De experimentele groep bestaat uit een deel cliënten die gebruik konden maken van de
ondersteuning van een zorgconsulent. De keuzemogelijkheden die werden aangeboden
waren: keuze tussen natura of een budget, of keuze tussen een natura of een budget + (de
respondenten konden dus nooit kiezen tussen budget of budget +).
Tussen mensen die kiezen tussen een budget en budget+ blijkt enkel de mate waarin een
cliënt zich bewust is van zijn eigen situatie significant. De budgetgroep is zich beter bewust
van zijn situatie dan de budget + groep.
Uit univariate analyse blijkt dat cliënten die kiezen voor een budget:
- gemiddeld jonger dan cliënten die kiezen voor ZIN
- een groter aantal huisgenoten onder de 60 jaar hebben
- op het moment van deelname nog geen hulp ontvangen van kruiswerk en/of
gezinszorg hebben
- een hoger gemiddeld maandinkomen hebben
- een zorgbehoefte hebben die tot hogere kosten per dag leidt
- meer behoefte aan verzorging van huisgenoten hebben.
Uit multiple regressie-analyse blijkt dat voor de twee regio’s enkel leeftijd en een groter
aantal huisgenoten onder de 60 jaar significant is.
Uit het kwalitatief onderzoek bleek dat cliënten met negatieve ervaringen met hulp van
thuiszorginstellingen gemakkelijk voor een budget kozen. De belangrijkste redenen om voor
een budget te kiezen zijn het zoeken van een goede, vaste en betrouwbare hulp, een hulp die
past in het huishouden, een grotere zeggenschap over de feitelijke aard van de uitgevoerde
werkzaamheden en de tijdstippen waarop hulp wordt gegeven, en meer flexibiliteit.

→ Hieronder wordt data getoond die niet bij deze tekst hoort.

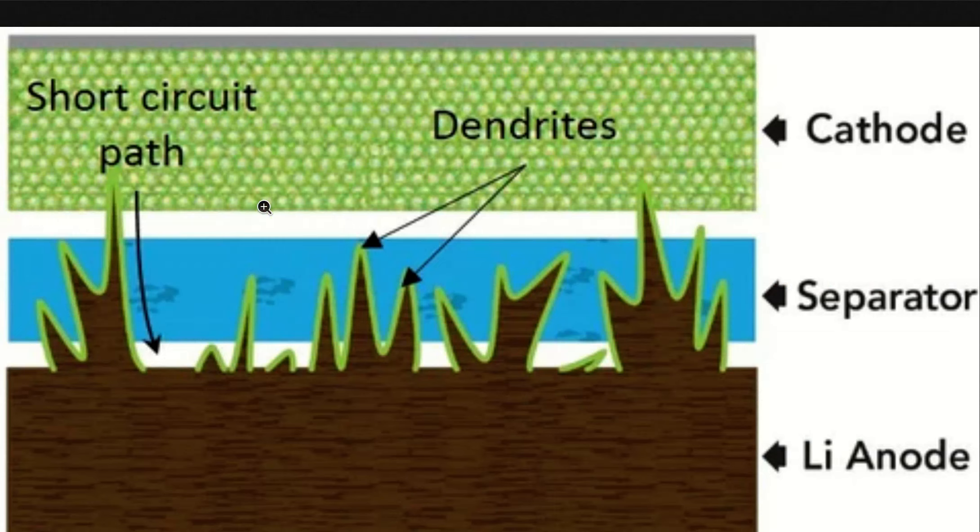It's basically like shorting the negative and positive terminals. This is the cathode and anode, and the dendrites bridge through there. They're metal growths that occur once the battery is taken below a certain level of charge. So you just never ever want to use a battery if you've recharged it once it drops below this level.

Cliënten die beslist geen budget willen, zien met name op tegen het zelf zoeken van een hulp
of vinden dat zij het nu goed geregeld hebben met het kruiswerk of de gezinszorg. Andere
redenen om niet voor een budget te kiezen zijn ziekte, leeftijd en de jarenlange goede
verstandhouding met instellingen.
Tot slot dient gewezen te worden op de cruciale betekenis van de intake voor het verloop van
het keuzeproces bij cliënten. Dit is opmerkelijk omdat intakers op dezelfde manier zijn
geïnstrueerd over de wijze waarop de intake diende te verlopen. Toch bestonden er tussen de
twee regio’s significante verschillen in het aantal personen die kiezen voor een pgb. De
onderzoekers wijten dit verschil aan de houding van instellingen en intakers ten opzichte van
het pgb.
Resultaten van het onderzoek mbt gebruik van de zorgconsulent en het zorgplan
Zorgconsulent
Van de 138 cliënten die een zorgconsulent konden inschakelen hebben 9 (6,5%) dat gedaan.
XI
Twee redenen waarom cliënten geen gebruik hebben gemaakt van de zorgconsulent:
- geen hulp nodig
- niet op de hoogte van het bestaan van een zorgconsulent (41%)
Wel heeft één op vijf budget+ cliënten ondersteuning gehad bij de besteding van het budget
van andere mensen dan de zorgconsulenten. Voornamelijk van kinderen, partner of andere
familieleden.
Van de 145 cliënten die geen zorgconsulent konden inschakelen heeft 9 % wel behoefte aan
ondersteuning gehad en heeft die daadwerkelijk ontvangen van kinderen, partner of andere
familieleden. 3% die wel behoefte had heeft deze niet kunnen ontvangen.
Het blijkt dat voornamelijk in de fase waarin cliënten een keuze moeten maken tussen zorg in
natura of een budget, er contact wordt opgenomen met de zorgconsulent.
Zorgplan
Bij het maken van afspraken over de aarde en omvang van de hulp, blijkt het zorgplan dat is
opgesteld bij de intake, een belangrijke rol te spelen. Bijna negen op tien budgetcliënten
gebruikt het zorgplan om afspraken te maken over het aantal uren zorg per week, de
tijdstippen waarop deze gegeven moet worden en de aard van de werkzaamheden.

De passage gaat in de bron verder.